Les investigations ont, selon le ministère public, révélé une « volonté assumée » du groupe au milliard de dollars de chiffre d’affaire de se soustraire à l’impôt au Nigeria, en Guinée-équatoriale et au Cameroun, en soudoyant des agents de recouvrement, pour un montant total estimé d’environ 3,2 millions de dollars. Par ailleurs, Bourbon, dont le siège social est pourtant situé à Marseille, ne paie aucun impôt en France.
Le directeur fiscal, après avoir évoqué des difficultés financières liées à son divorce, a finalement indiqué aux enquêteurs s’être rendu à Lagos pour trouver un « accord transactionnel » suite au déclenchement d’un contrôle fiscal du Nigéria. Le fisc nigérian réclamait 227 millions de dollars d’amendes à Bourbon pour fraude fiscale, somme ramenée à 4 millions après le versement de 2,7 millions de dollars de pots-de-vin à des fonctionnaires. M. Cherqui, licencié depuis, assure que les 250 000 dollars étaient le « le reliquat de l’opération de corruption ».
Le directeur fiscal, licencié depuis, révèle un système à grande échelle, quand Bourbon rejette toute la faute sur sa personne
Durant ses auditions, Marc Cherqui assure avoir découvert un « désordre innommable et des fraudes dans tous les domaines ». « Il ne s’agissait pas d’incompétence, mais d’un système organisé visant à payer le moins d’impôts possible en France et à l’étranger », explique-t-il. Des propos confirmés par un ancien directeur fiscal du groupe, qui évoque des « cadeaux à l’Africaine » pour réduire le montant de l’ardoise du groupe de De Chateauvieux.
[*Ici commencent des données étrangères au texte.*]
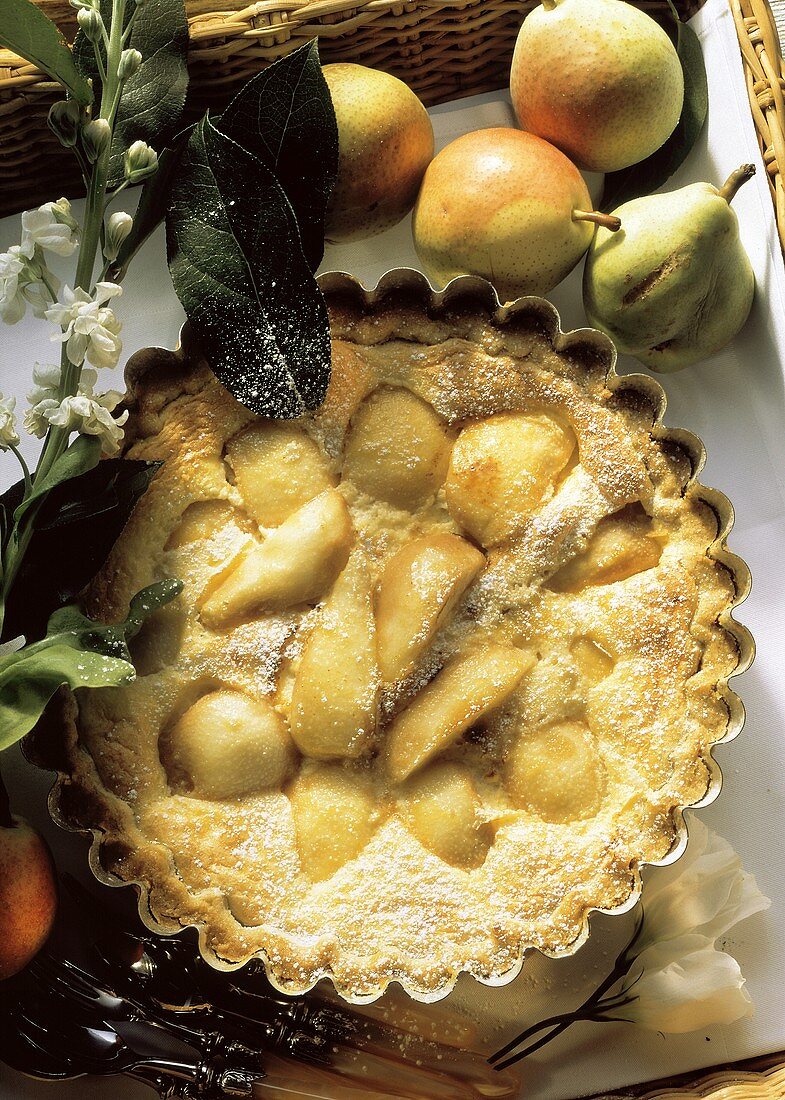 Sunken pear cake in the baking tin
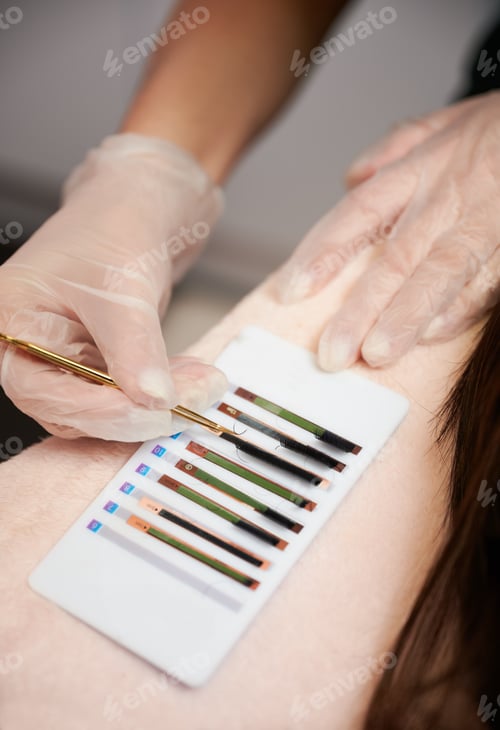 Preview: Lash technician hand picking up eyelashes with tweezers.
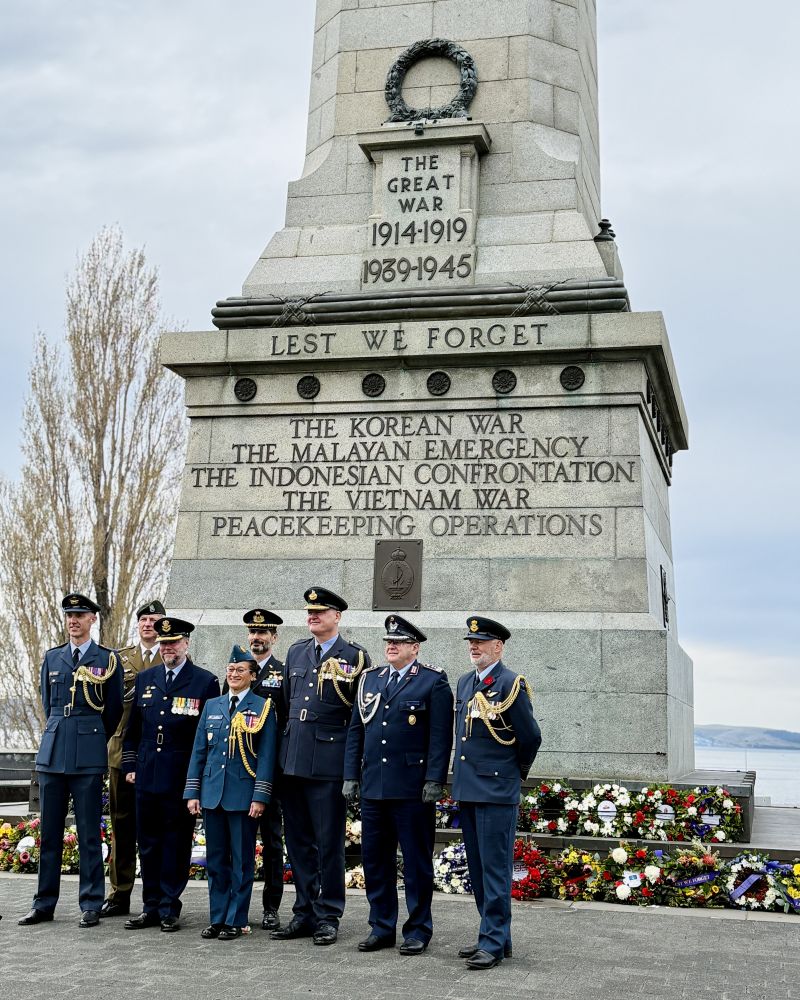 A group of people wearing military uniforms stand at the Hobart Cenotaph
L’avocat de Bourbon, Me Ludovic Malgrain, nie en bloc, affirmant que Marc Cherqui a agi de son propre chef, mettant en doute les compétences de l’ex directeur fiscal: « Il y a sûrement eu des manquements dans le contrôle de ce M. Cherqui ». L’avocat assure par ailleurs qu’« Il n’y a pas d’argent sorti de Bourbon ni d’aucune de ses filiales. L’enquête n’a jamais identifié les agents qui auraient touché cet argent et d’où il proviendrait ».